Saturday, August 2, 2008

Fair

So I worked on this and that last night until about 1:30 am, woke up at 6:30 am, got my stuff around and made the trip to Fremont, met a friend there and drank Pinot Grigio in the sun (probably won't do that again for a long time) and then came back home and slept for a couple of hours before getting up and reading this month's installment from "Animal, Vegetable, Miracle."

This post isn't really "green", so I had good reason to keep it out of Paved Paradise. The chapter that I read on August in the farming cycle was half crop statements and harvest story and the other half a note on blue and red states, urban and rural places. Like Kingsolver, I was raised in a community that distinguished between country and town folk, and, like Kingsolver, I was raised in a community where the "town" had a number of flashing red lights that you could count on one hand and still have fingers left over. There was a hierarchy to this distinction--town was supposed to be better. Kingsolver points out that philosophy carries over to the country as a whole, when it comes to blue states versus red:

"(T)hat color map comes to us with the suggestion that both coasts are populated by educated civil libertarians, while the vast middle and south are criss-crossed with the studded tracks of ATVs leaving a trail of flying beer cans and rebel yells....I...sense a bit of that when urban friends ask me how I can stand living here, 'so far from everything?'...When I hear this question...I'm usually looking out...at a forest, a running creek, and a vegetable garden, thinking: Define everything."

She goes on to talk about how the coasts look at everything in the middle as the same--comparing cities like Minneapolis to be the same apple and not orange as Atlanta. I get that a lot after I tell people where I am from, this time, here in California. The follow-up relationship is the same confusion as Lt Dan portrayed in the movie "Forrest Gump"--"Minnesota, right?" "No, Missouri." "Ah, what's the difference?"

Other than geography, climate, cuisine, ancestorial background, terrain, and speech patterns, not much, apparently.

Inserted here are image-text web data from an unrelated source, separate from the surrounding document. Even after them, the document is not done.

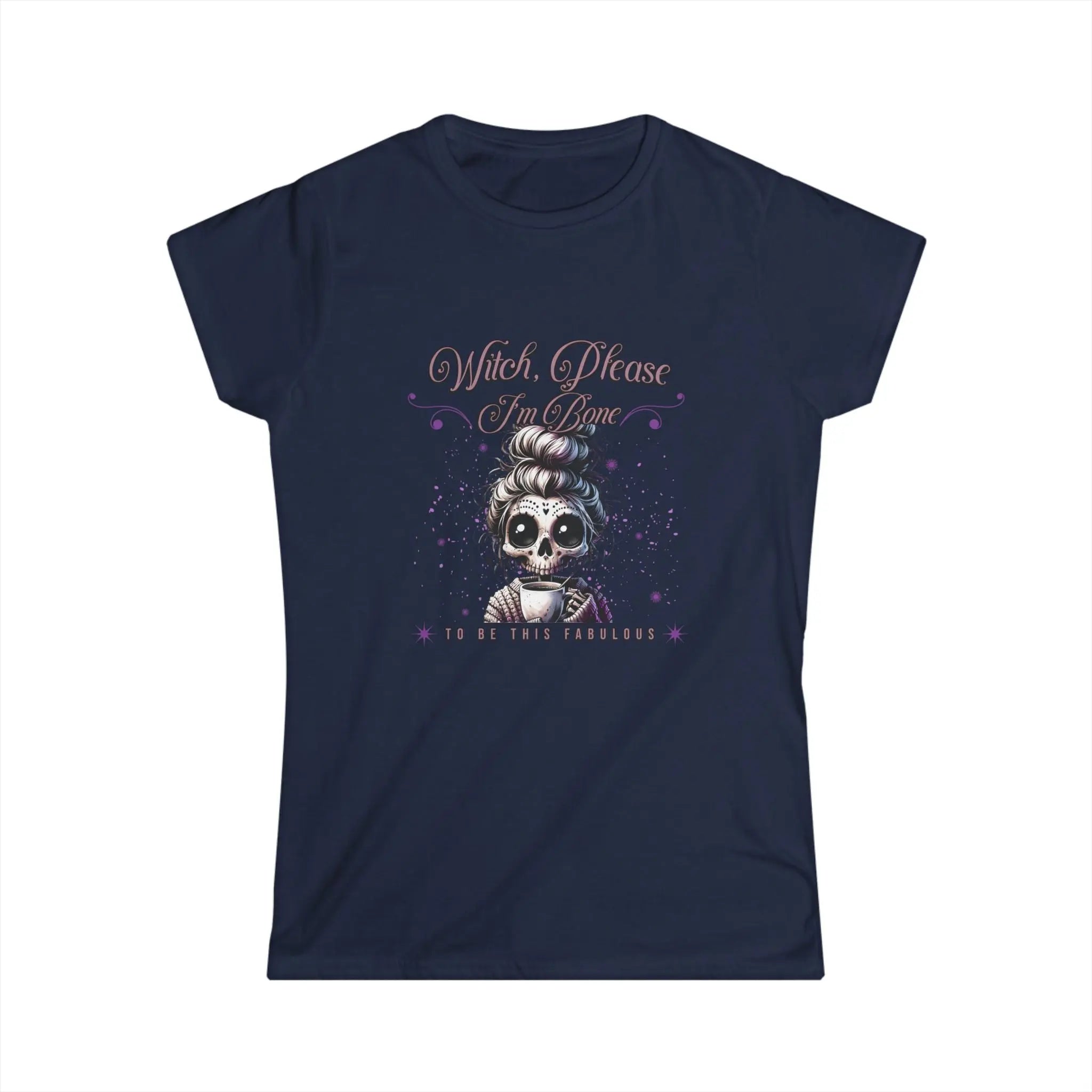 Bone to be Graphic Tee, Perfect for Halloween, Casual Outfits, Gift for Her, Unique Statement Shirt, Witchy Apparel, Seasonal Fashion Printify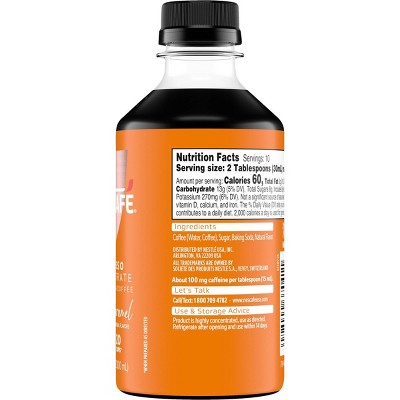 Nescafe Caramel Espresso Coffee Concentrate - 10 fl oz
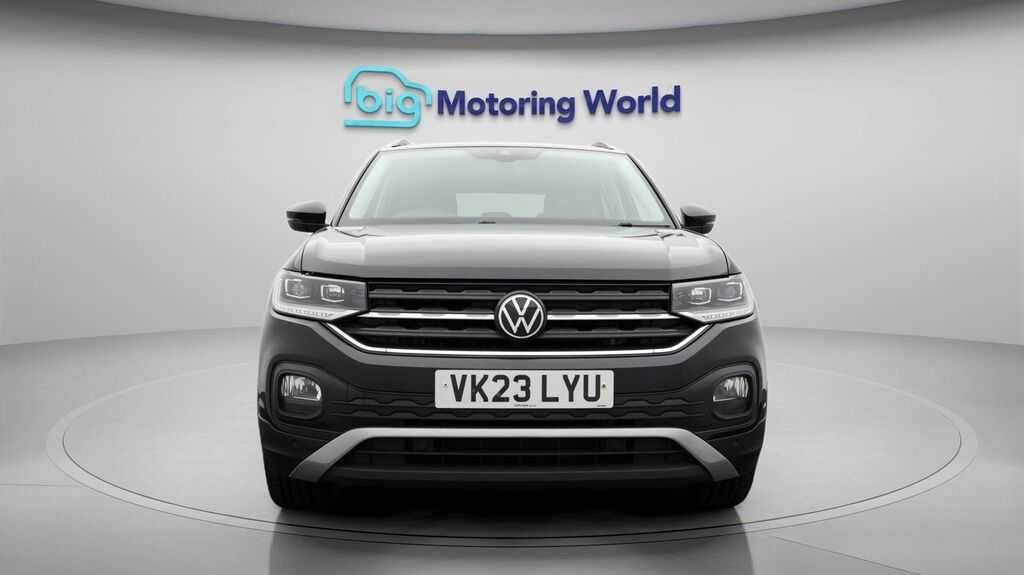 Volkswagen T-Cross Black Edition VK23LYU Black #2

Shockingly, the native Californian or New Yorker still looks good and superior after this exchange, because they were born and raised in California or New York. They weren't dumb enough to be born and/or raised in the Interior (as some of Kingsolver's friends refer to it) and then aspiring to be Californian or New Yorker. The "friends" that I made upon first arriving called me their "Amish" friend (a rather hilarious distinction since even in my limited technological state I knew more about computers than they did), and Gary always stated that I would never fit in in the City. This used to disappoint me, and now gives me hope. Kingsolver, too, felt this sense of superiority when she enjoyed homemade chutney from her garden or experienced true silence. This superiority, though, quickly floated back to center. Kingsolver, like me, embraces both halves: the exoticness of the coasts and the meditation of the land between.

******

Last week or the week before (please pardon me as I work so hard I don't know what day it is until someone taps me on the shoulder and tells me it's Friday) DK posted a Twitter entry to read like this, and I quote, if I may:

"between fellow Christians who seem to me they'd rather be Muslim with all their denunciations and seculars who denounce the other way:lonely"

Seems as though Kingsolver and I aren't the only ones awkward in the middle, regardless of topic.

Stay strong, be you, for, as always there are "clowns to the left of me, jokers to the right."

And here we are, stuck in the middle, and trying to stick fast.